## PROVIDED MATERIAL
----------------

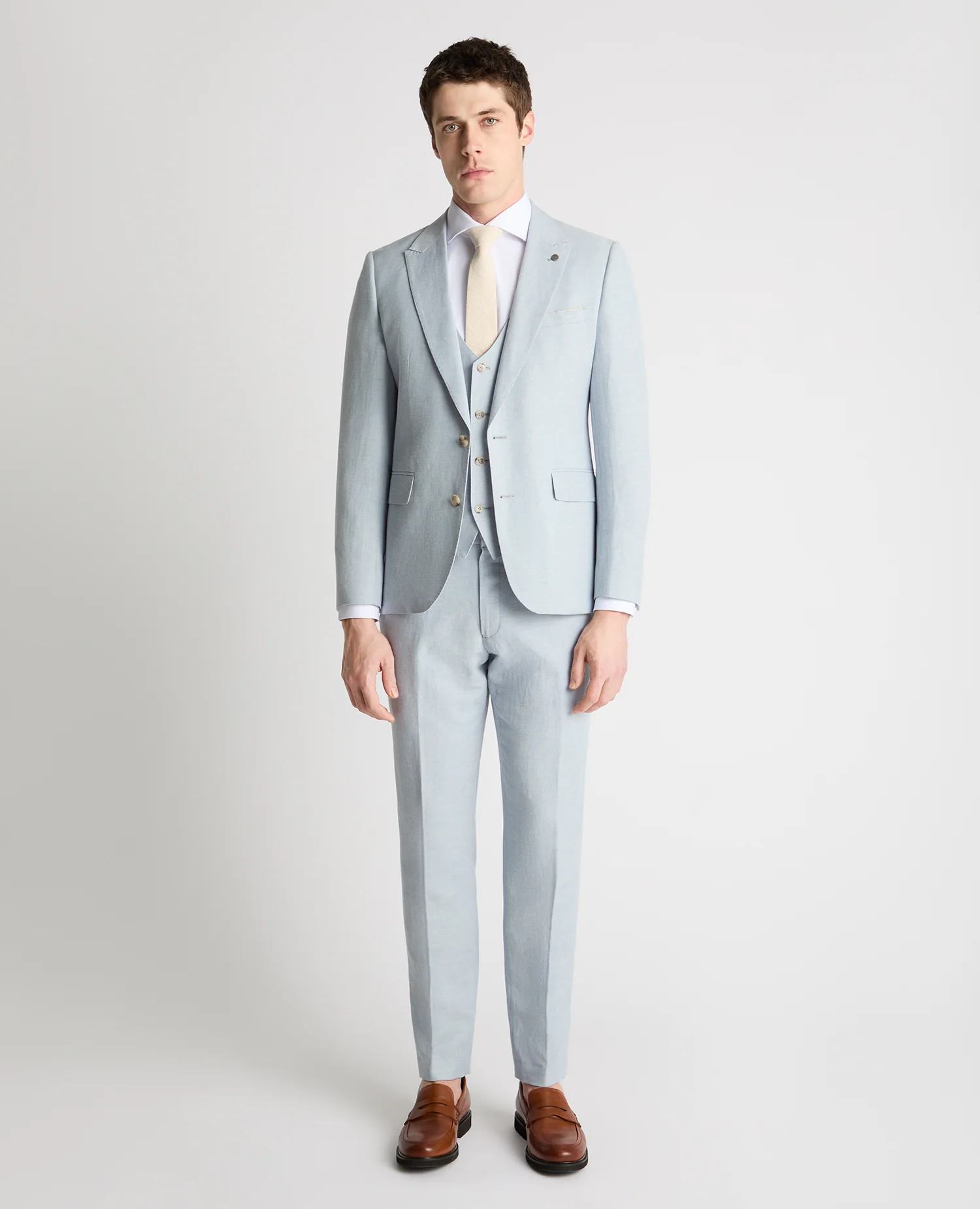 Slim Fit Linen-Blend Suit - Image 2
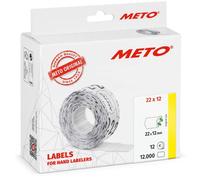 Meto Price Gun Labels (22×12 mm, Single-line, 12.000 Labels, White, Removable, for METO, Contact, Sato, Avery, Tovel, Samark etc.)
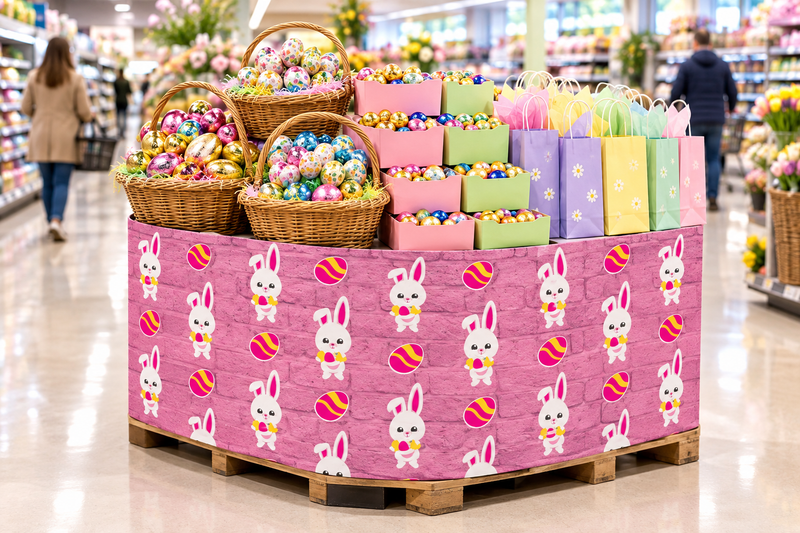 Easter Corrugated Base Pallet Wrap, 48 in x 25 ft, pink bunny and egg print wrapping a supermarket pallet display of Easter baskets, chocolate eggs and gift bags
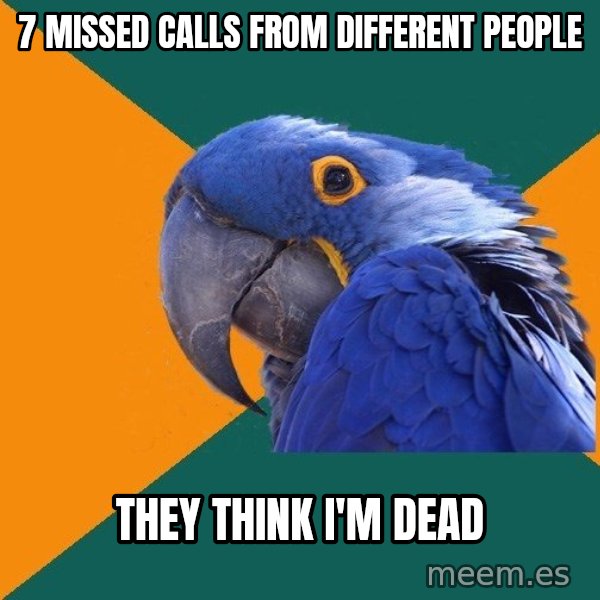 Paranoid Parrot meme: 7 missed calls from different people / they think i'm dead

----------------

## INSTRUCTIONS TO FOLLOW
Reproduce the material exactly; omit the pictures.

## WRITTEN SOLUTION
 Slim Fit Linen-Blend Suit - Image 2
 Meto Price Gun Labels (22×12 mm, Single-line, 12.000 Labels, White, Removable, for METO, Contact, Sato, Avery, Tovel, Samark etc.)
 Easter Corrugated Base Pallet Wrap, 48 in x 25 ft, pink bunny and egg print wrapping a supermarket pallet display of Easter baskets, chocolate eggs and gift bags
 Paranoid Parrot meme: 7 missed calls from different people / they think i'm dead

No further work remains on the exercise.